# Closed Foot Cigars - How do YOU light them?



## SoCal Gunner (Apr 7, 2016)

Hello my fellow BOTL,

I am about to light up a Man O War Side Project "Skull Crusher" and it has a closed foot. Now of course I can and have Googled how others do it. But I'm asking you all how you each go about it and why you think your way is best.

For those curious, my search results came up with three main answers: 
1) Just light the foot as-is
2) Snip the tip so it can breath
3) Cut the whole damn foot off

What say you?


----------



## ForceofWill (Sep 6, 2008)

I always just light it. Draw is a little tight at first but it opens up usually and if I need to touch it up slightly I'm fine with that.


----------



## talisker10 (Nov 6, 2015)

I light my af short story as is. I feel no need to cut the foot because it would ruin the experience of smoking a perfecto. Granted the foot isn't completely closed, but still I light as is.


----------



## socalocmatt (Dec 22, 2010)

Light it as is.
A perfecto is intended to be smoked as is or it would have been rolled as a torpedo.

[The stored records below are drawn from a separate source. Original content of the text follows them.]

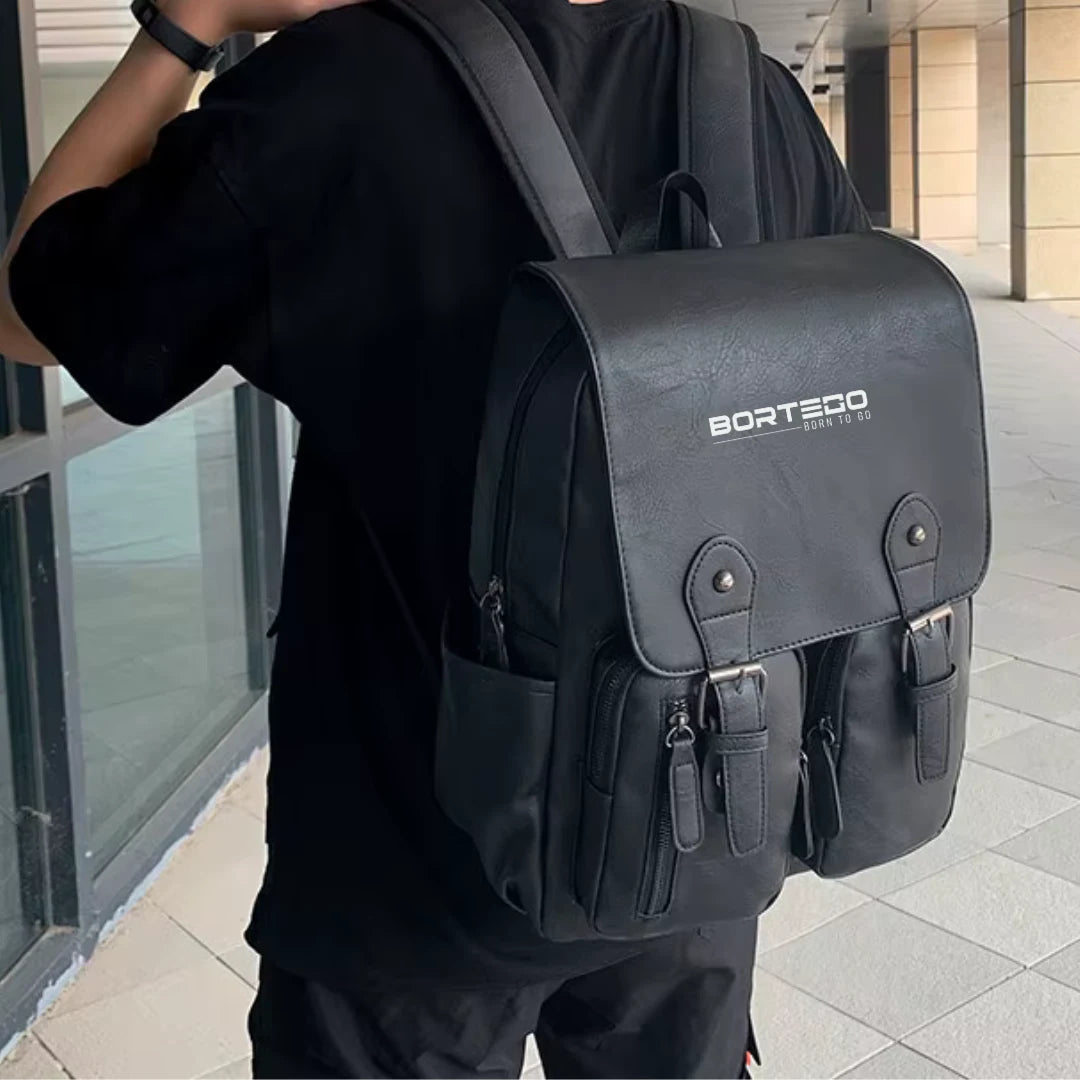 Person wearing a black backpack with 'Bortego' branding in an urban setting.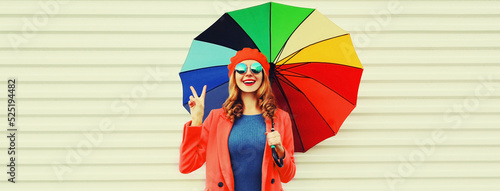 Autumn portrait of happy cheerful smiling young woman with colorful umbrella wearing red coat and beret on white background
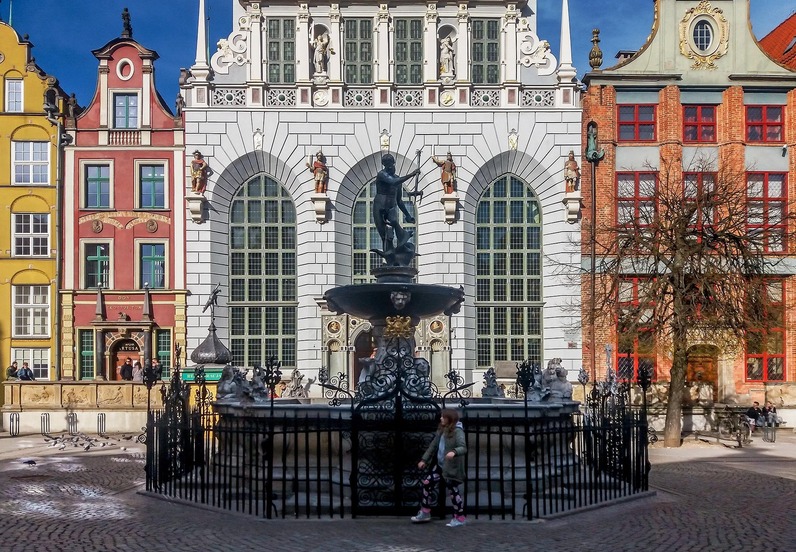 Ornate Neptune fountain before colorful gabled houses and a white Renaissance facade on a sunny square, passersby nearby.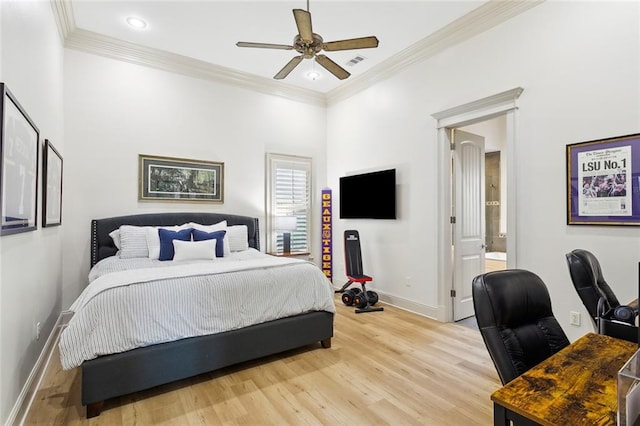 bedroom featuring baseboards, crown molding, and light wood finished floors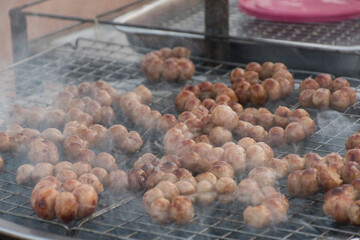 Isaan sausages on the grill grill with smoke up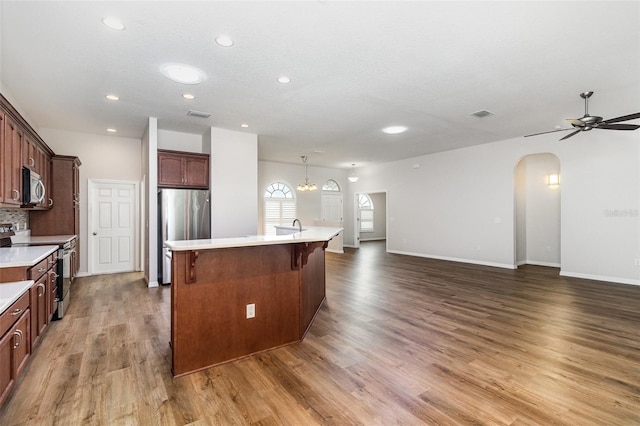 kitchen with appliances with stainless steel finishes, arched walkways, light countertops, wood finished floors, and a kitchen island with sink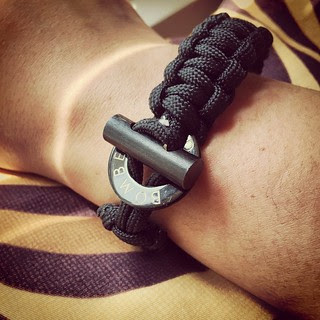 Paracord survival bracelet from Bomber and Co. Slight fraying on the edge but got it at a discount so that's OK. What's especially cool is that the buckle is a steel ring and flint piece that can be used to spark a fire with some tinder.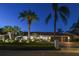 One-story home with a red tile roof, a three-car garage, lush landscaping, and outdoor lighting at 9807 Bay Island Dr, Tampa, FL 33615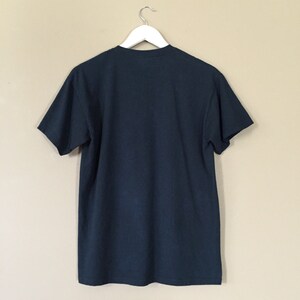 以下が含まれることがあります： ベージュの壁に白いハンガーにかけられた濃い青色のTシャツ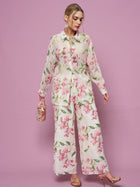 A woman wears the Social Queen Textured Embroidered Beaded Shirt with matching wide-leg pants, holding a small handbag against a pink background.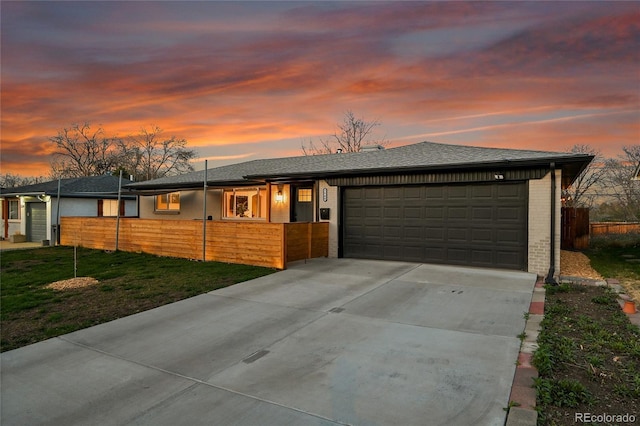 2544 S Raleigh St, Denver, CO 80219 - view of front of property with concrete driveway, an attached garage, brick siding, and a fenced front yard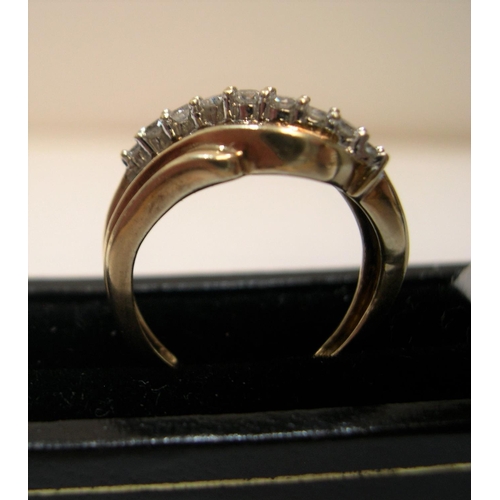 27 - 9ct yellow gold ring set with approx 38 diamonds, total weight approx 0.45ct.

The central row consi... 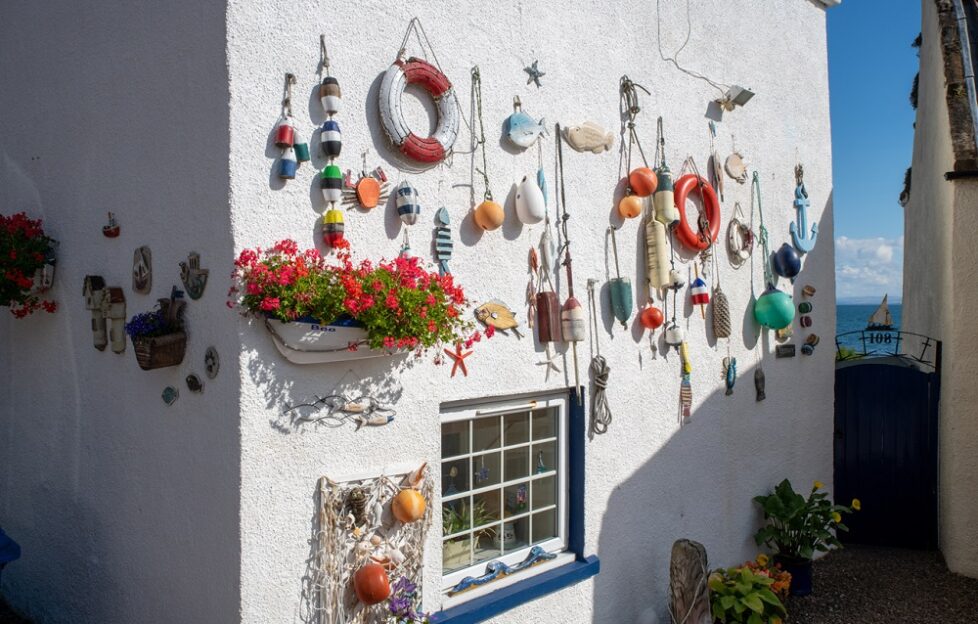 A white wall side of a house covered in hanging decorations and colourful flowers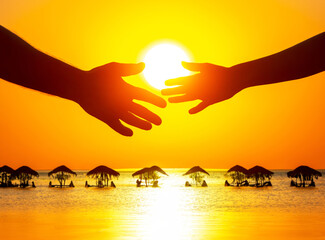 silhouette of male and female hands against the backdrop of the setting sun at an ocean resort. the concept of communication and the desire for intimacy in society and family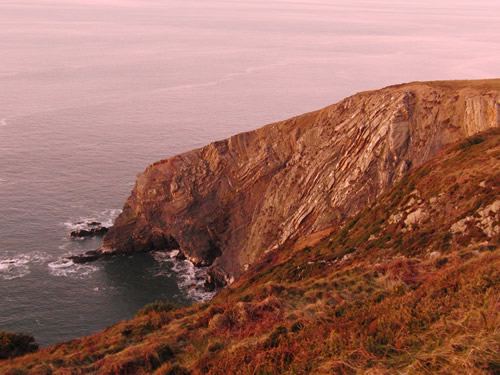 Coastal cliffs at sunset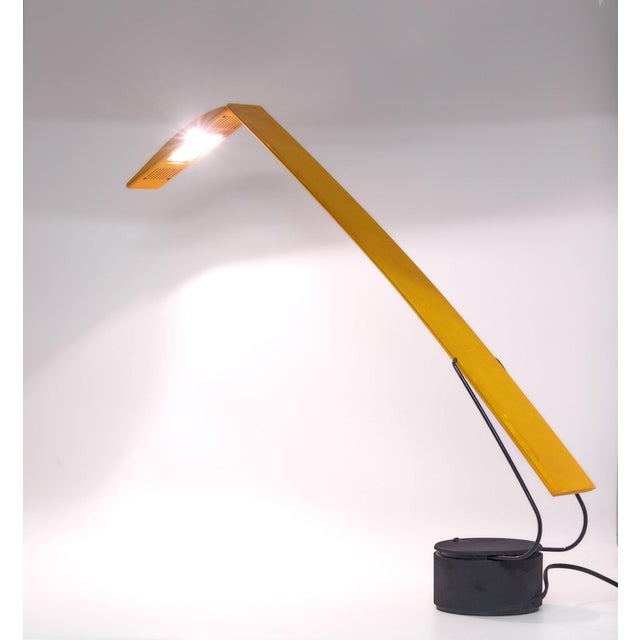 Postmodern "dove" yellow table lamp designed by mario barbaglia & marco colombo for paf studio - italy. Circa 1980. the...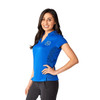 A woman wearing a blue short sleeve performance polo shirt with a logo on it, paired with black pants.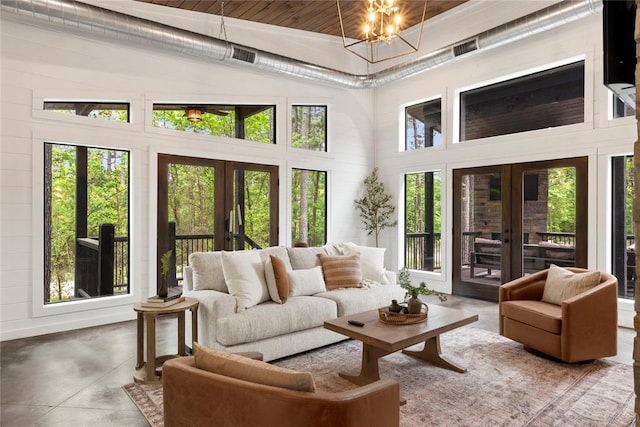 sunroom / solarium featuring an inviting chandelier, lofted ceiling, wood ceiling, and french doors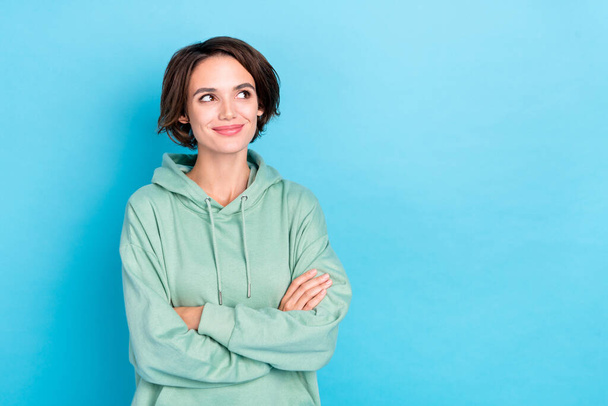 Photo of charming thoughtful lady dressed green pullover arms crossed empty space isolated blue color background - Photo, Image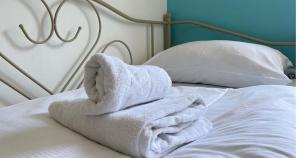un mucchio di asciugamani bianchi seduti sopra un letto di Sherlock's Holidays boutique rooms a Portoroz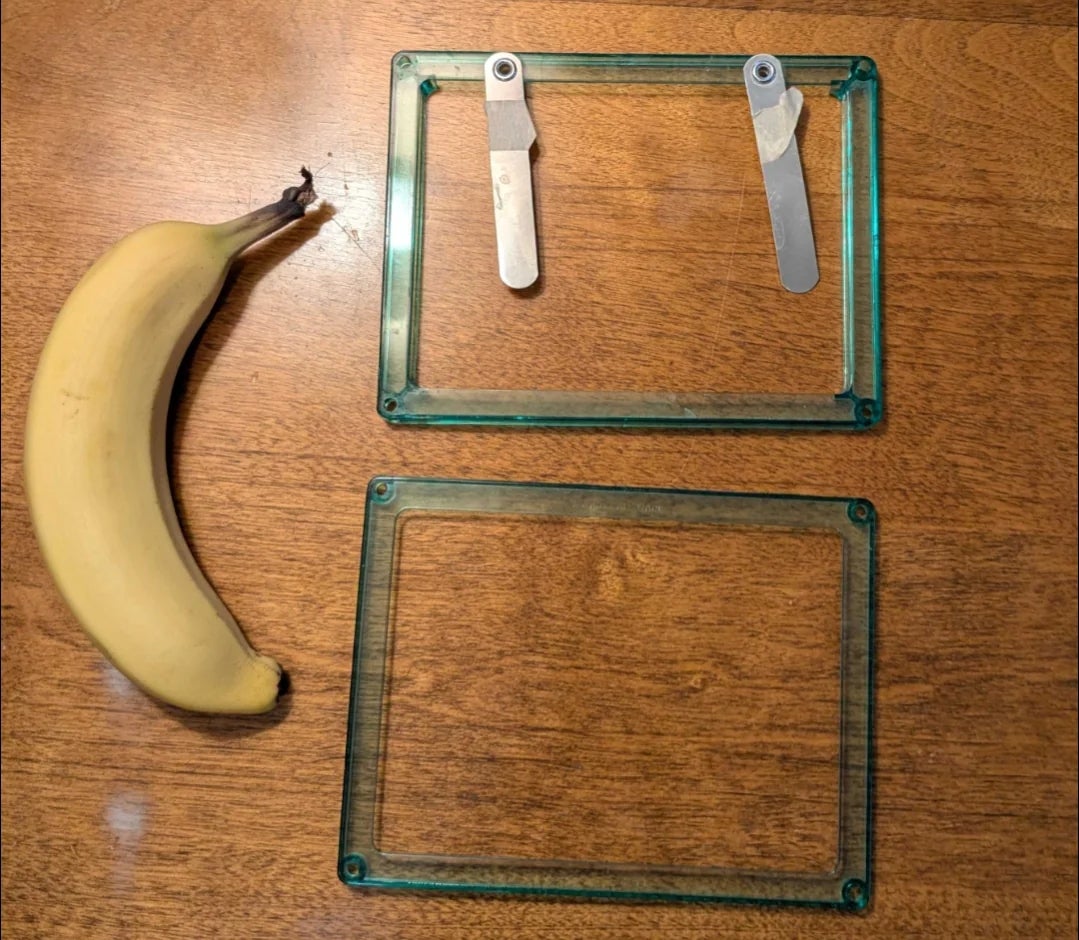 A banana next to a disassembled transparent rectangle with two metal hinges on a wooden surface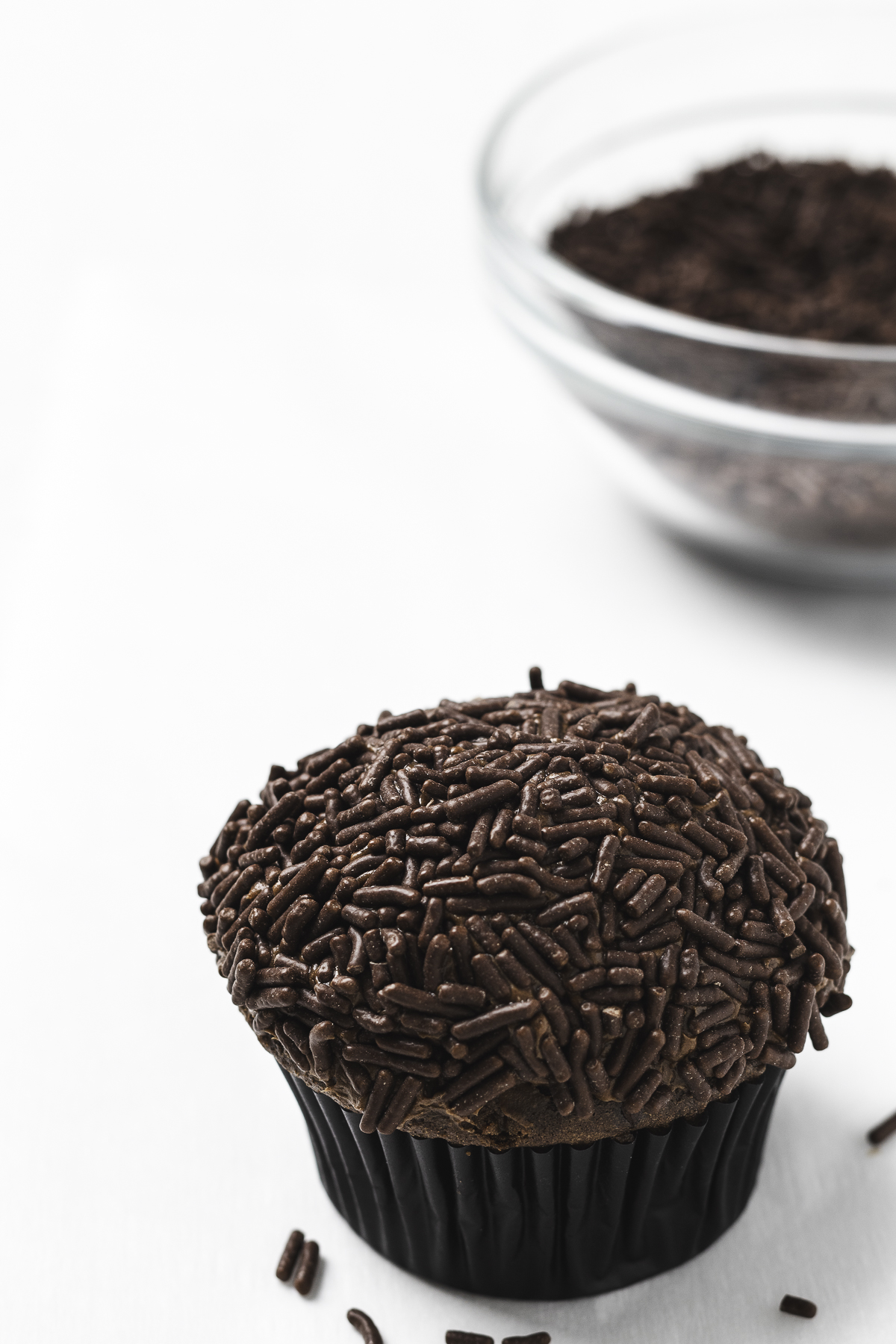 Chocolate frosted cupcake covered with chocolate sprinkles with more in the background.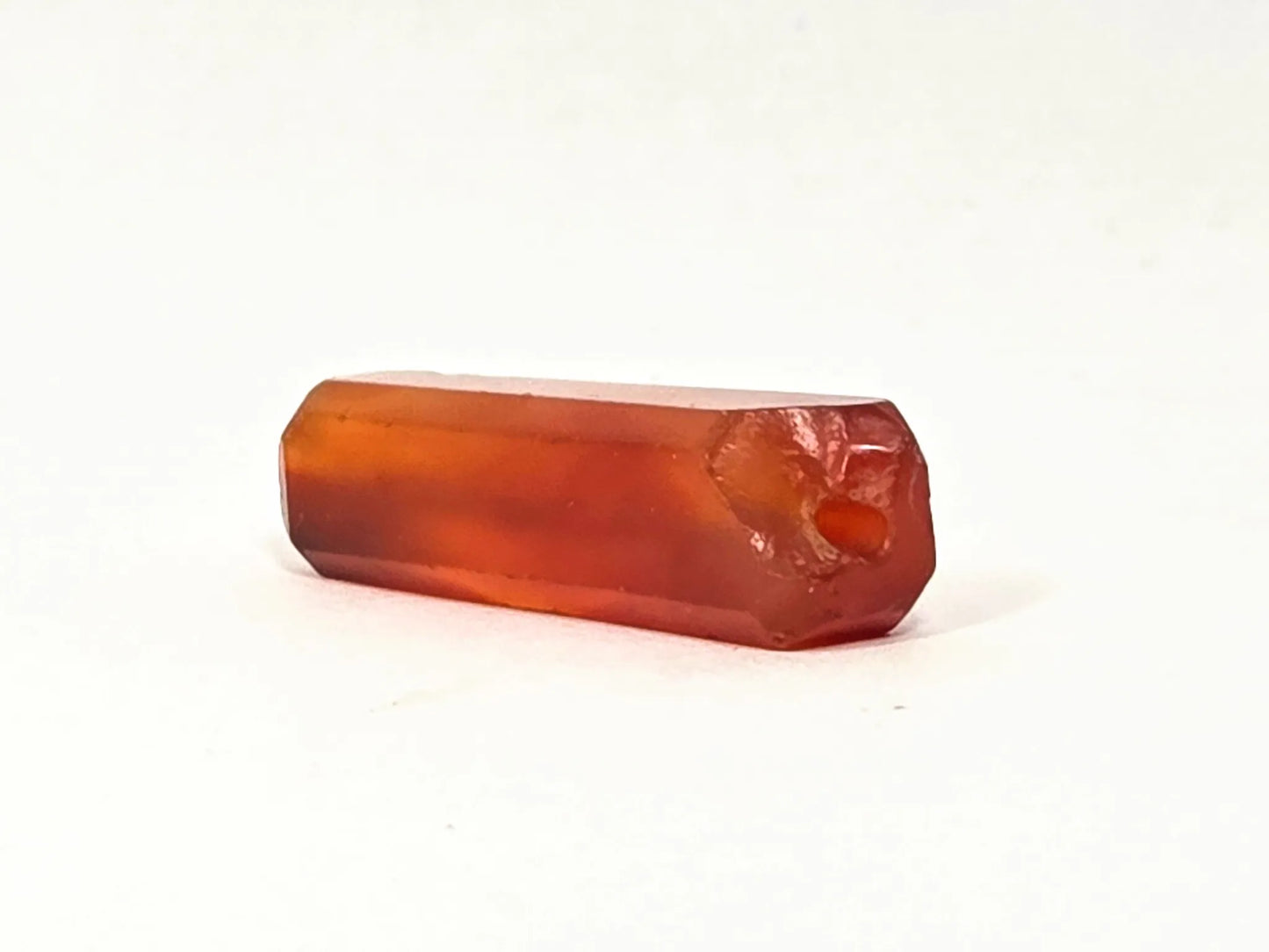 Second end of ancient beveled rectangular carnelian bead — worn oval drill hole and ancient chipping at end face, translucent carnelian body, unretouched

Sent from my SAMSUNG-SM-G900A using Tapatalk


----------



## StogieNinja (Jul 29, 2009)

Closed foot is a pain. I know it's supposed to give the "wrapper only" flavor, but there's too much work involved. I cut the extra wrapper off and light like a normal cigar.


----------



## Yarddog (Mar 15, 2014)

Light 'em as is...my Southern Draws all have closed feet, never a problem...


----------



## Bird-Dog (Oct 16, 2009)

Yarddog said:


> Light 'em as is...my Southern Draws all have closed feet, never a problem...


La Colmena also comes to mind. A true closed foot like that, as opposed to a narrowed foot on a perfecto, may require burning the cover away while toasting before it will draw at all. Nothing wrong with carefully removing it first, though.


----------